• PROBLEM
Without including any picture, copy the entries that follow word for word.

### LISTED ENTRIES ###

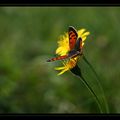 Papillon rouge -noir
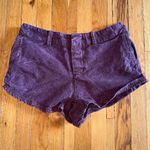 Free People  Burgundy Purple Low Rise Shorts size 30 Photo 1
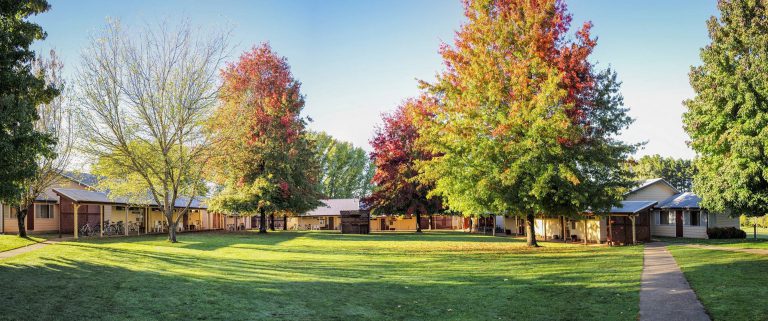 Laurel Hill Forest Lodge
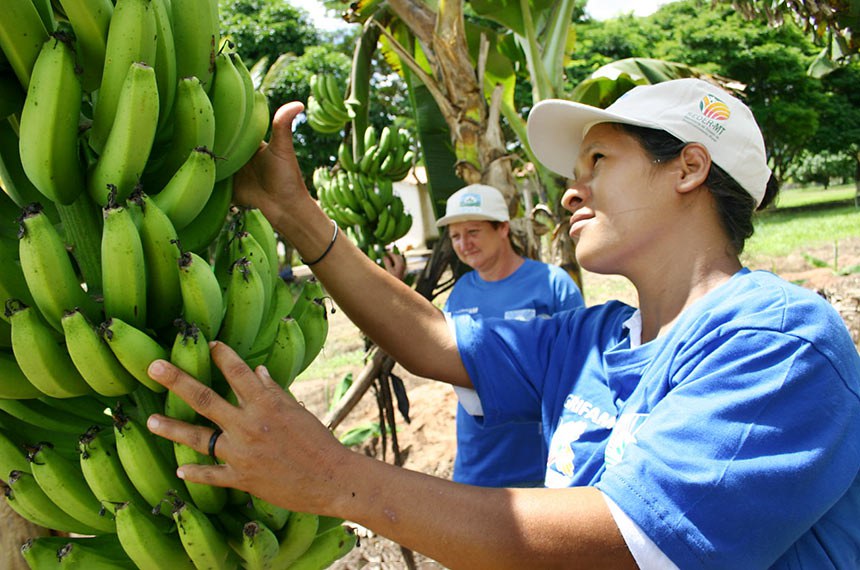 agricultoras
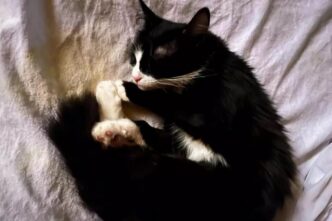 Gatto Muore A Trapani Dopo Ess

###

• SOLUTION TO THE PROBLEM
 Papillon rouge -noir
 Free People  Burgundy Purple Low Rise Shorts size 30 Photo 1
 Laurel Hill Forest Lodge
 agricultoras
 Gatto Muore A Trapani Dopo Ess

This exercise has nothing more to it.